Il y a bien d’autres expressions que l’on doit à la dureté de la justice d’autrefois. Donner le coup de grâce à quelqu’un a un sens métaphorique depuis le xviiie siècle et signifie « le perdre, le ruiner définitivement ». À l’origine, le coup de grâce était celui que l’on portait à un supplicié pour abréger ses souffrances. On se souvient ainsi que, dans Le Capitaine Fracasse, Chiquita tue d’un coup de couteau au cœur Agostin, le maître voleur dont elle était amoureuse et que le bourreau s’apprêtait à rouer. Mais la cruauté de la situation (derniers moments d’un condamné) fait que l’on n’a pas retenu l’aspect miséricordieux du coup et que, en sortant du domaine proprement judicaire, il est devenu une marque de l’acharnement de quelqu’un.

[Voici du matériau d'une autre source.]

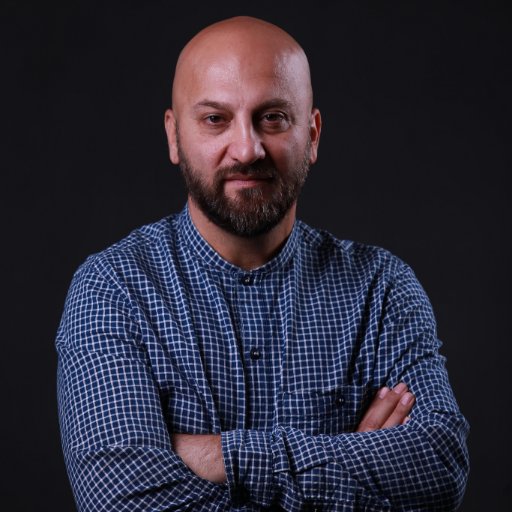 afshinamirshahi's profile picture. روزنامه نگار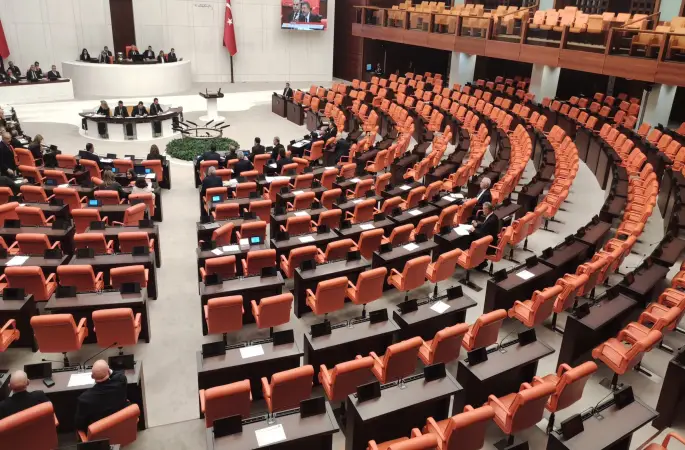 1 Ocak’ta yeni dönem başlıyor: Araç satışına harç, esnafa vergi değişimi, şirketlere dijital defter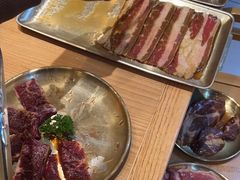 -闻老头·菊花炭烤肉(D11店)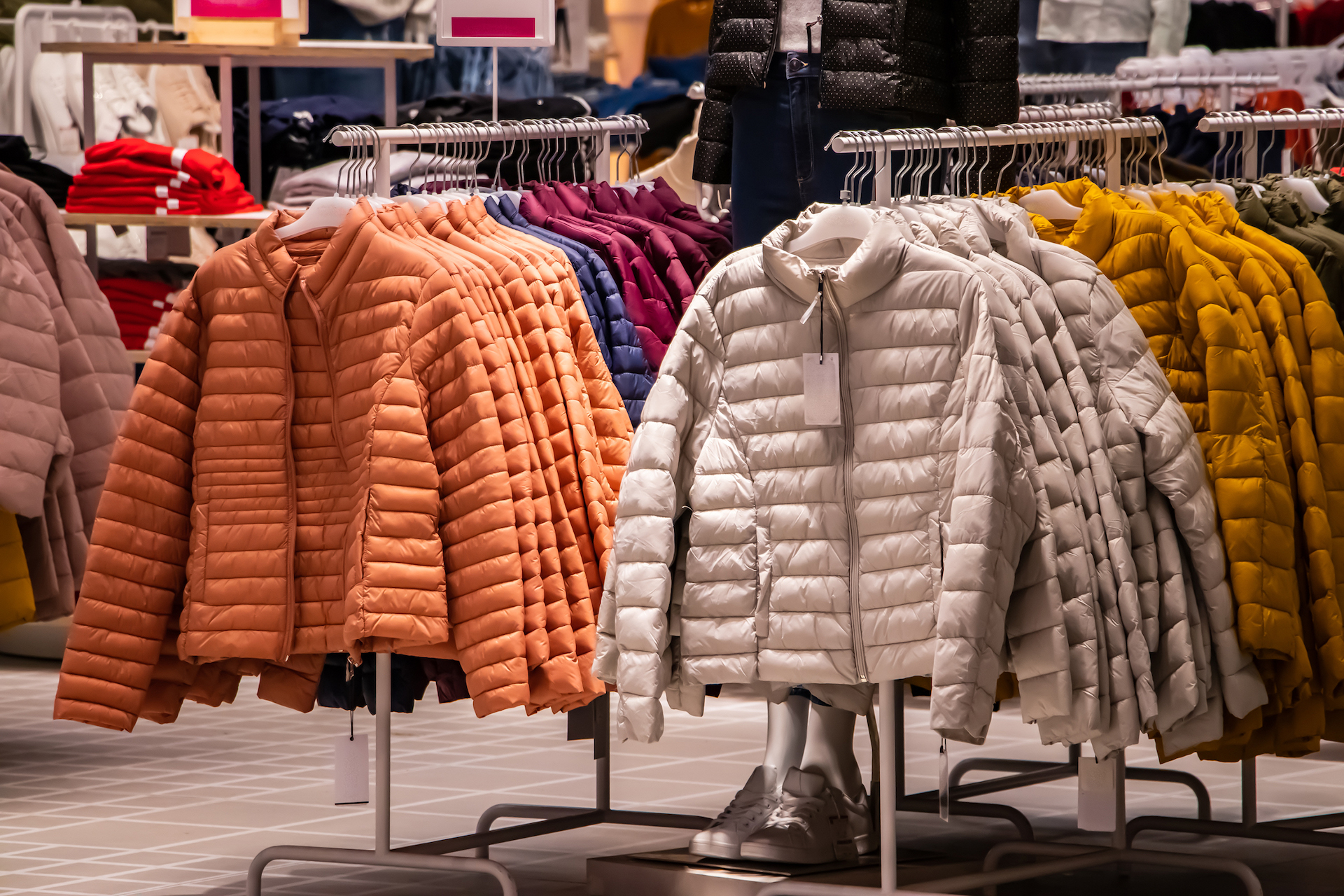 Jak wykorzystać kurtki firmowe do promocji biznesu? Poradnik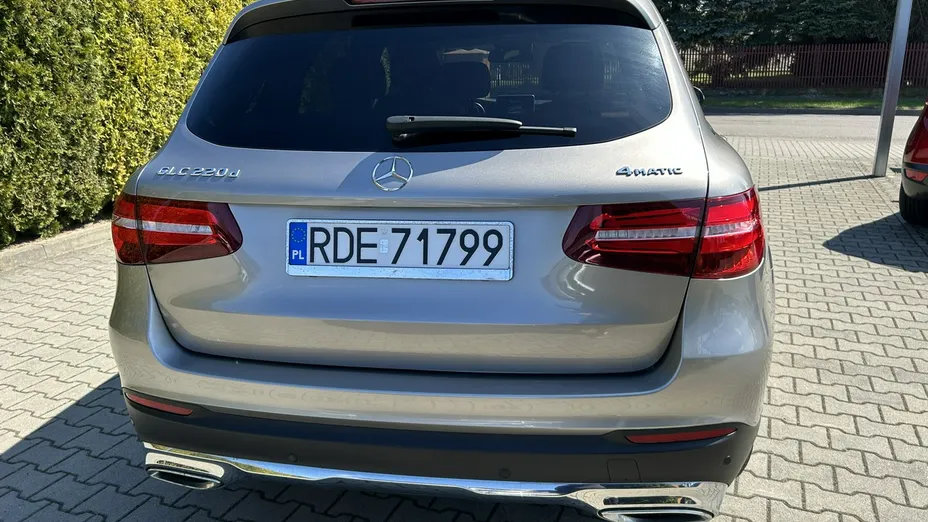 MERCEDES-BENZ GLC -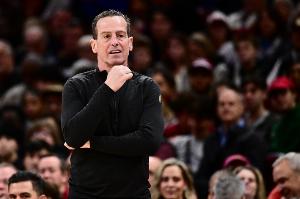 阿特金森：季后赛打10人轮换很难题 最终可能会缩减到9人或8人_24直播网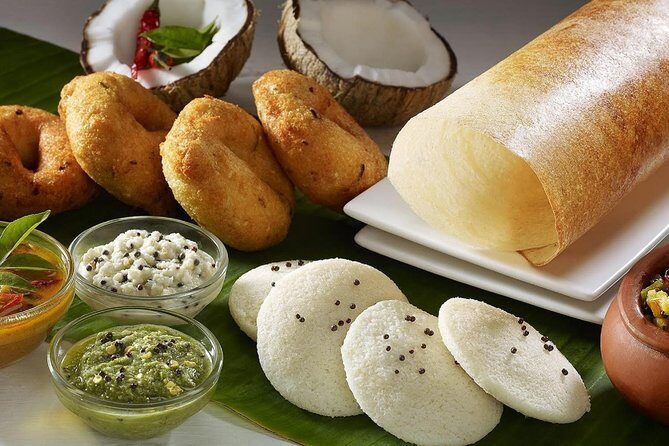 Food Walk Tour Chennai - Stop 1’s lane crawl: the Kerala snack lineup that people actually order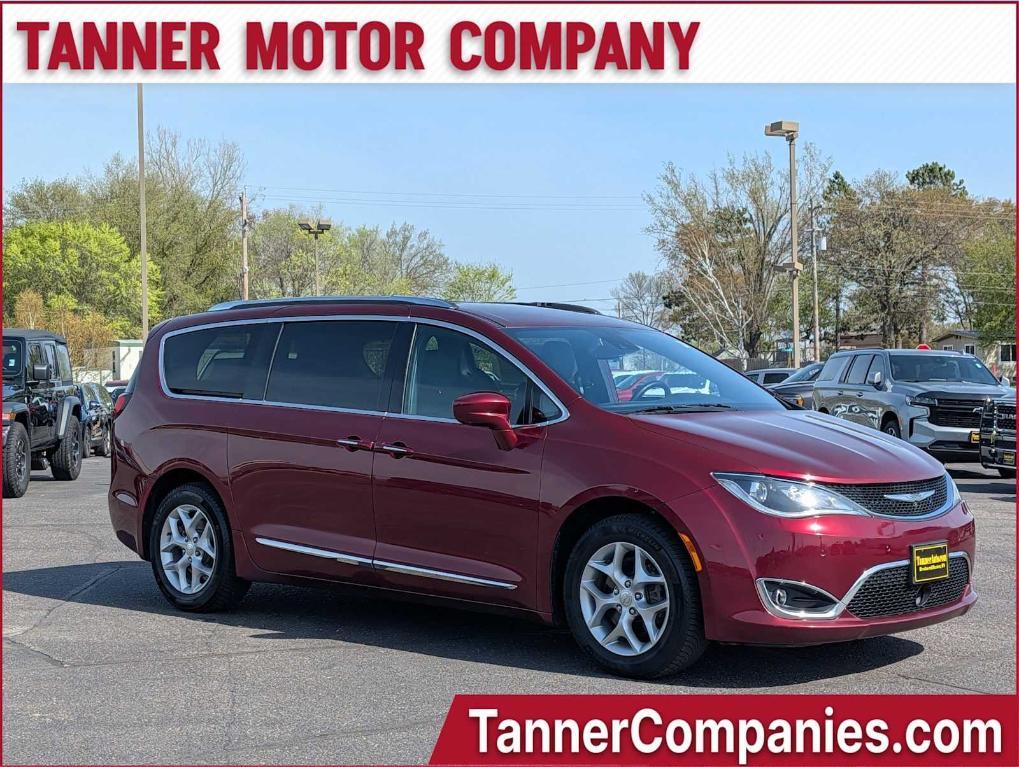 used 2019 Chrysler Pacifica car, priced at $13,694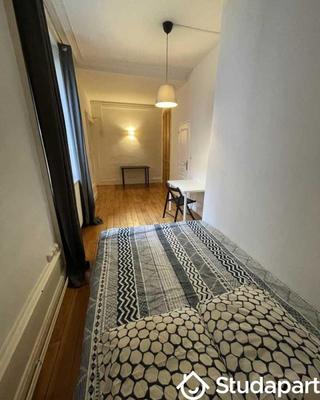 Chambre - 90 m² - 1 pièce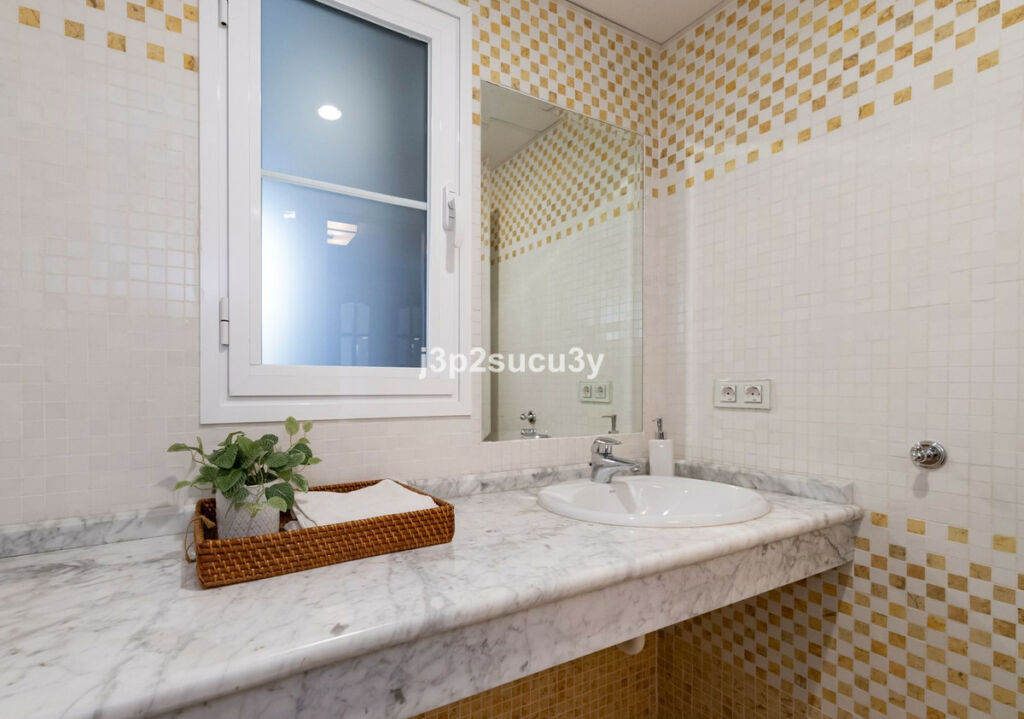 Ground Floor Apartment San Pedro de Alcántara Málaga - image 25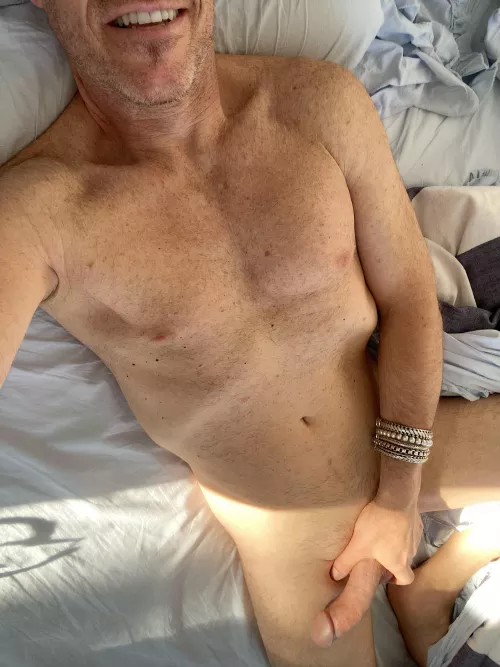 (55) Daddy. Can I convince you to stay in bed? DMs always open.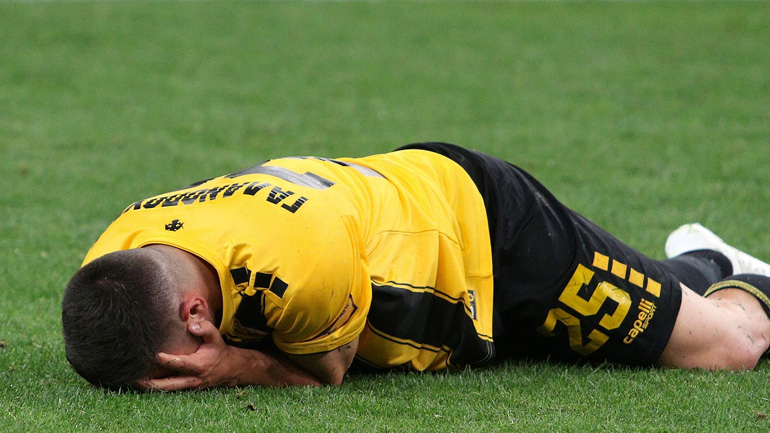 ΑΕΚ: Αρθροσκόπηση ο Γαλανόπουλος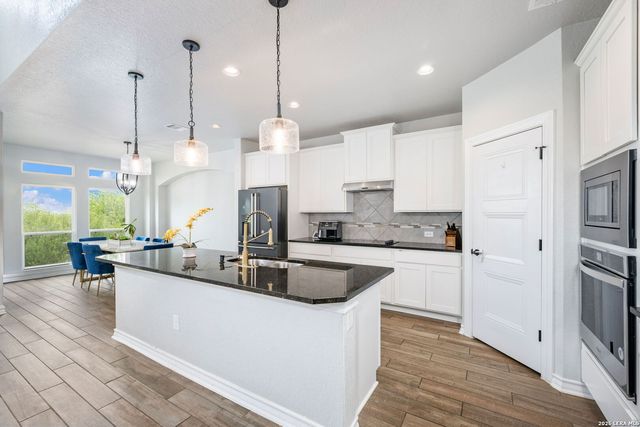 15214 Comanche Wolf, San Antonio, TX 78233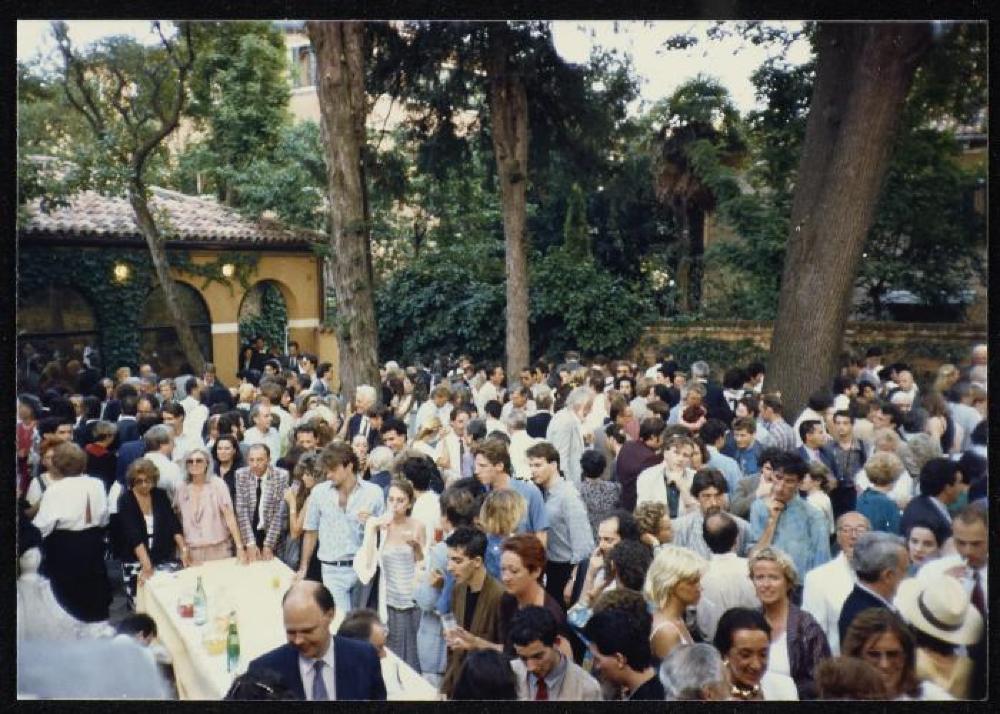 Crowd at "Isamu Noguchi: What is Sculpture?" 1986 Venice Biennale 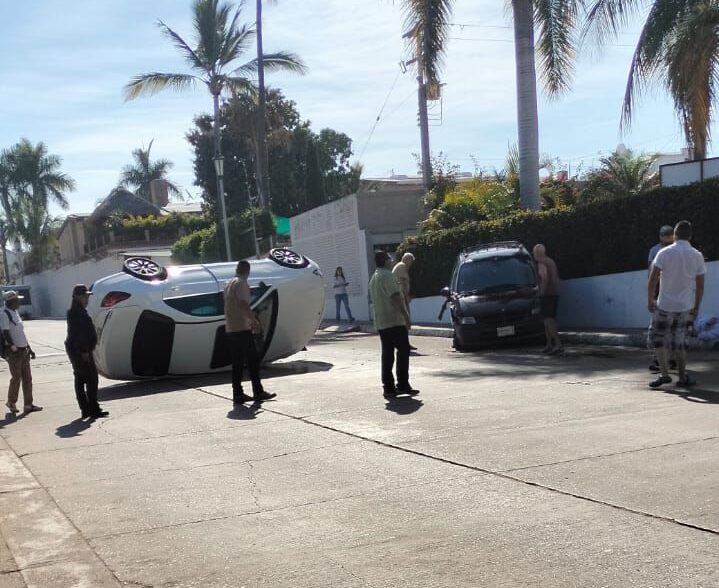 Automóvil volcado en calles de Mazatlán.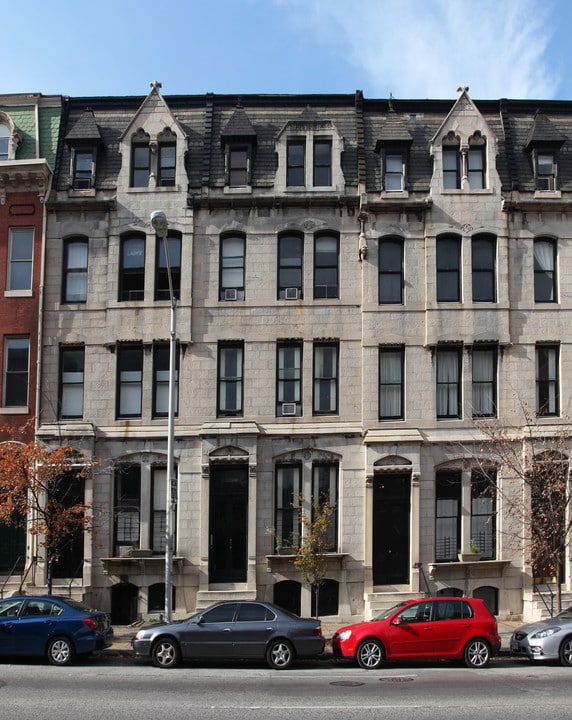 1218 St Paul St in Baltimore, MD - Foto de edificio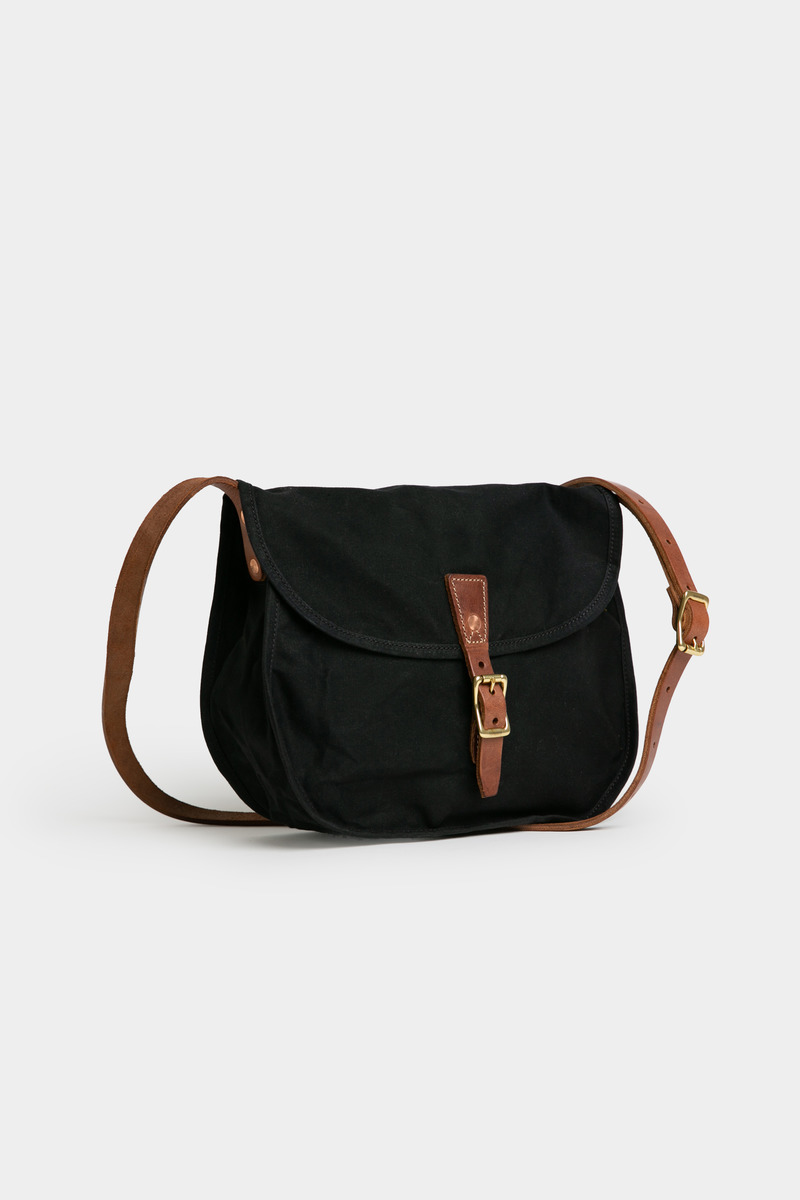 Handcrafted leather canvas saddlebag-4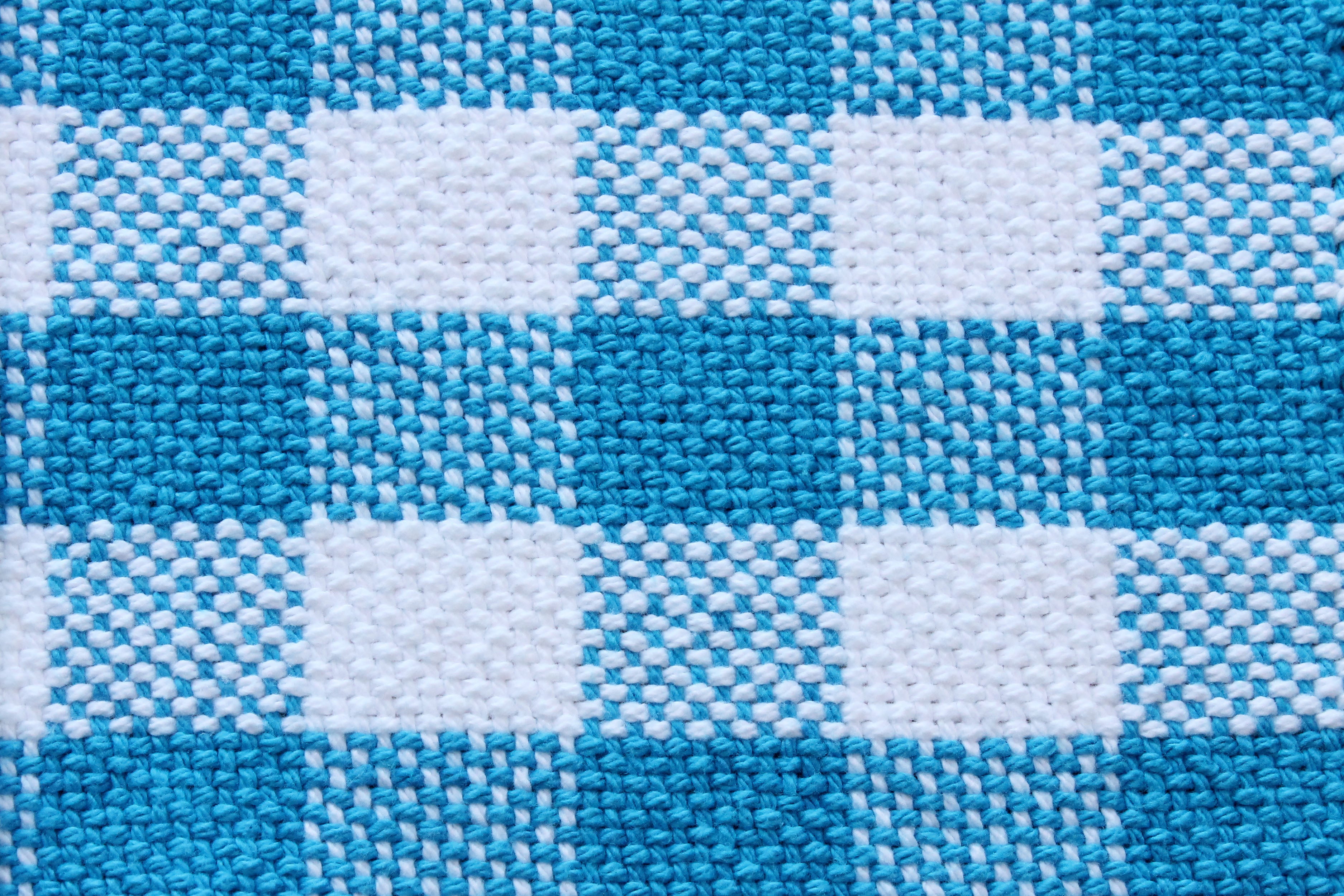 Cotton placemats, set of four, checkered pattern, blue, white, handmade, natural fibres, washer and dryer safe, made in Canada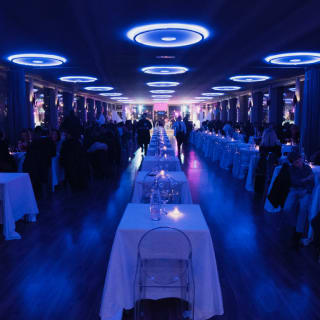 Péniche 14 juillet : Festive meal & Cruise on the Diamant Bleu 1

Autre expression intéressante Être sur la sellette, ainsi glosée dans notre Dictionnaire : « être exposé au jugement d’autrui, faire l’objet de critiques ou être soumis à un feu de questions ». La sellette désignait, sous l’Ancien Régime, « le petit siège de bois très bas, sur lequel on forçait un accusé à s’asseoir quand on l’interrogeait pour le juger ». L’expression a connu un premier emploi figuré à la fin du xvie siècle : ce n’était plus un accusé qui était assis, mais un étudiant qui soutenait une thèse. L’aspirant docteur pouvait rester jusqu’à douze heures sur ce siège tandis que ses maîtres se relayaient pour l’interroger.

Enfin, citons Brûler à petit feu. Le sens de cette expression s’est adouci au cours du temps. Aujourd’hui, vous me faites brûler à petit feu signifie « vous excitez trop longtemps mon impatience ». Mais, dans la première édition de notre Dictionnaire, on lisait : « Brusler un homme à petit feu, pour dire, Le faire languir, en faisant durer long-temps des chagrins, des inquietudes, des peines d’esprit, qu’on pourroit luy espargner, ou luy abbreger. » Au sens propre en effet, comme l’écrit Littré, brûler à petit feu, c’est « brûler lentement un condamné, afin de rendre le supplice plus cruel ».

POUR ALLER PLUS LOIN

Vouer est dérivé de vœu, qui vient lui-même du latin votum, désignant une promesse faite aux dieux. Le verbe est sorti du domaine strictement religieux au xviie siècle, comme ses dérivés dévouer et dévouement. Mais les emprunts tels dévot, dévotion, votif, entrés plus tardivement dans la langue et par l’intermédiaire du latin d’Église, ont gardé cette valeur proprement religieuse.

Voter est aussi un terme remontant au même étymon, votum, mais n’a pas gardé son sens religieux : à l’imitation de la langue anglaise, il a pris au xviiie siècle le sens politique qu’on lui connaît aujourd’hui. Outre-Manche en effet, to vote a signifié dès le xvie siècle « exprimer son opinion, dire ce que l’on souhaite en votant ». Et c’est ce verbe anglais qui a donné les mots français voter puis vote.